Before the unveiling of Biden’s disentangling strategy on July 8, his administration displayed marginal popularity among Democrats and moderate approval ratings among Republicans. Following the execution of the rescue operation, Biden’s approval ratings fell to 47% among Democrats and 47% among Republicans.
The fragile view of the Biden administration threatens not only the President’s reputation but could jeopardize the future of political discourse, which is dependent on Biden’s next steps in office.“[As to his ‘We Will Not Forgive’ speech], I think he is trying to garner political support and prepare a retaliatory attack after a disastrous campaign; those aren’t mutually exclusive,” Dr. Maria Ortuoste said, an expert on International Relations and International Organizations.
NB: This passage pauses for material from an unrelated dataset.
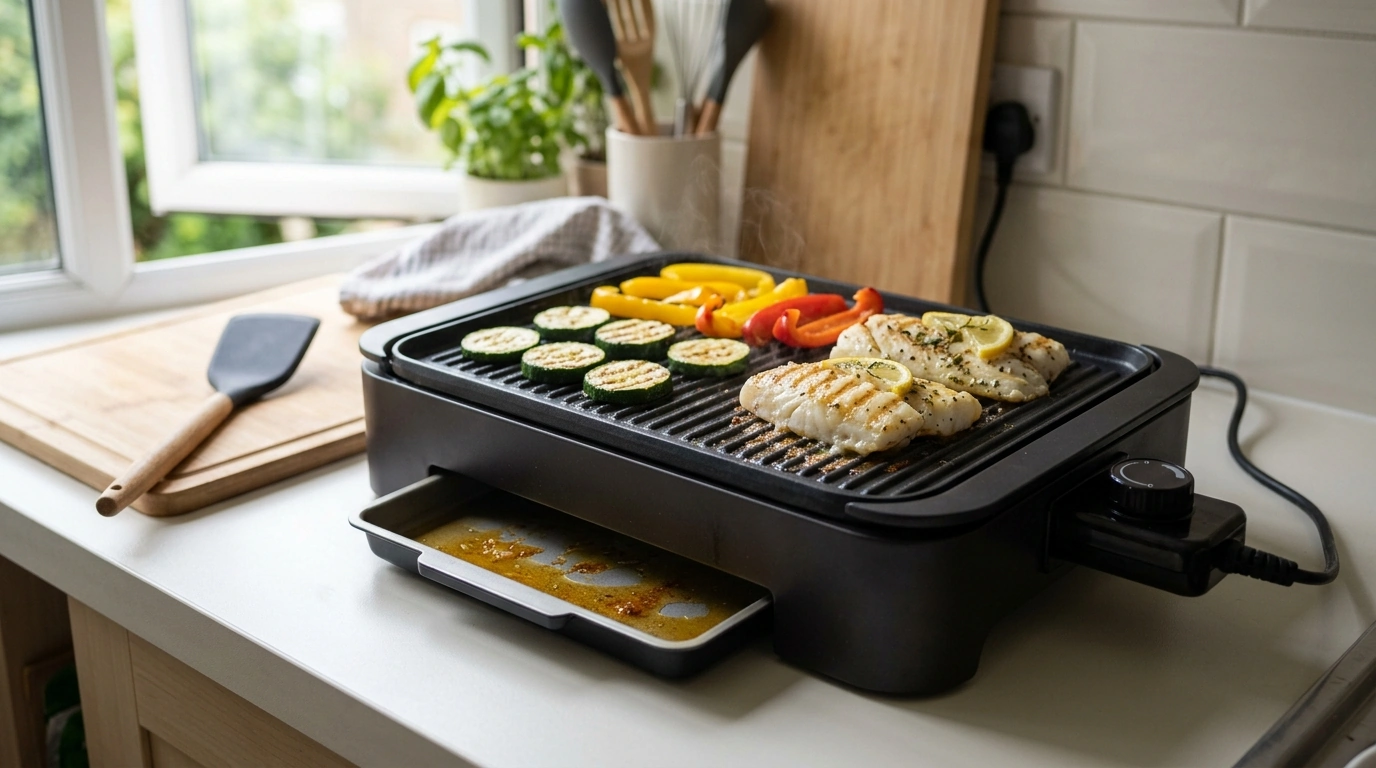 Smokeless Indoor Grill: Adjustable Heat, Nonstick Cleanup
The fault lines of partisanship are beginning to crack beneath Biden, for whom this situation is an absolute PR nightmare. Recent terrorist attacks on the Kabul airport have enlivened a fraction of his voter base against him. Perpetual conflict, after all, is possible if the public supports it. “While the individual American is compassionate, the government is [gray],” said SOURCE.
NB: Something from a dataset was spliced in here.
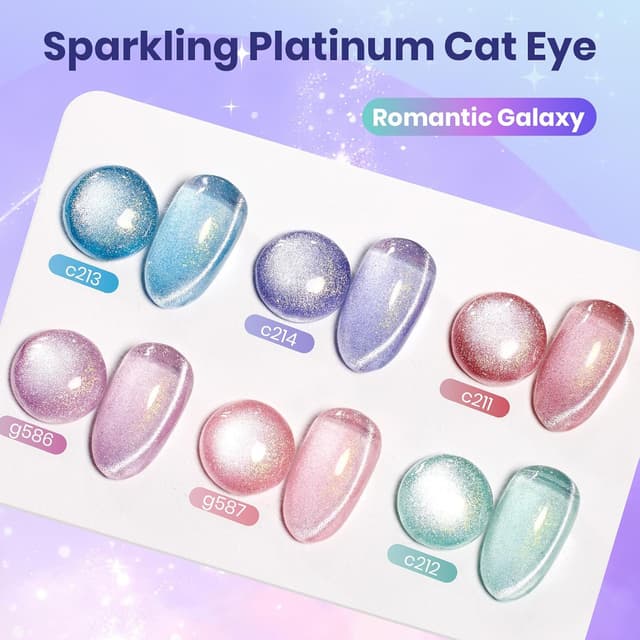 Detalle de Beetles Romantic Galaxy Cat Eye Gel Nail Polish Set (6 Colors) — UV/LED Glitter & Velvet Magnet Finish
Ortuoste believes that a response is very much within the realm of possibility. “Utiliz[ing] covert action and [leveraging] the Northern Coalition is imperative in regaining control of Afghanistan… The US military cannot turn back now.”
The campaign in Kabul was too flippant and directionless; strategyless and protracted, according to Ortuoste. Afghanistan’s government, backed by U.S. aid, was rife with corruption, unable to provide for the needs of the Afghan population. Despite access to the U.S. military arsenal, Afghanistan was poorly trained in repairing such advanced weaponry. Currently, it is estimated that less than $10 billion worth of weapons remain in Afghanistan. “Bringing guns does not bring democracy,” said SOURCE.
Regardless of the tenuous presence, the U.S. military deserves credit for the protection of Afghanistan’s minority groups and the expansion of suffrage for women. Drawing upon historical touchstones from 1996’s Afghanistan, the fundamentalist movement barred women from receiving education, forced women to be accompanied by men, and mandated the burqa. Despite the Taliban’s human rights violations during their 1996 reign, the group has recently attempted to improve public relations by promising to uphold the emancipation of women.
In his 2017 speech, Trump elaborated upon his approach to withdrawing from Afghanistan, citing that the priority is to ensure a stable government and the procession of elections. Iraq, in his eyes, has been a disaster, from the ashes of which ISIS was able to rise and prosper, hence a power vacuum is the condition for loss.
Trump has not acted in alignment with his sentiments, as the withdrawal of U.S. soldiers and the subsequent abandonment of the Kurdish fighters in Turkey would attest to. Biden perpetuates this trend, with the hasty evacuation of U.S. troops and allies contributing to an immediate humanitarian and refugee crisis in the surrounding area. As a result, Congress seeks to repeal the executive power of the right to authorize emergency conflicts, possibly adding a hurdle to prevent another “forever war.” It remains to be seen whether the motion will be successful.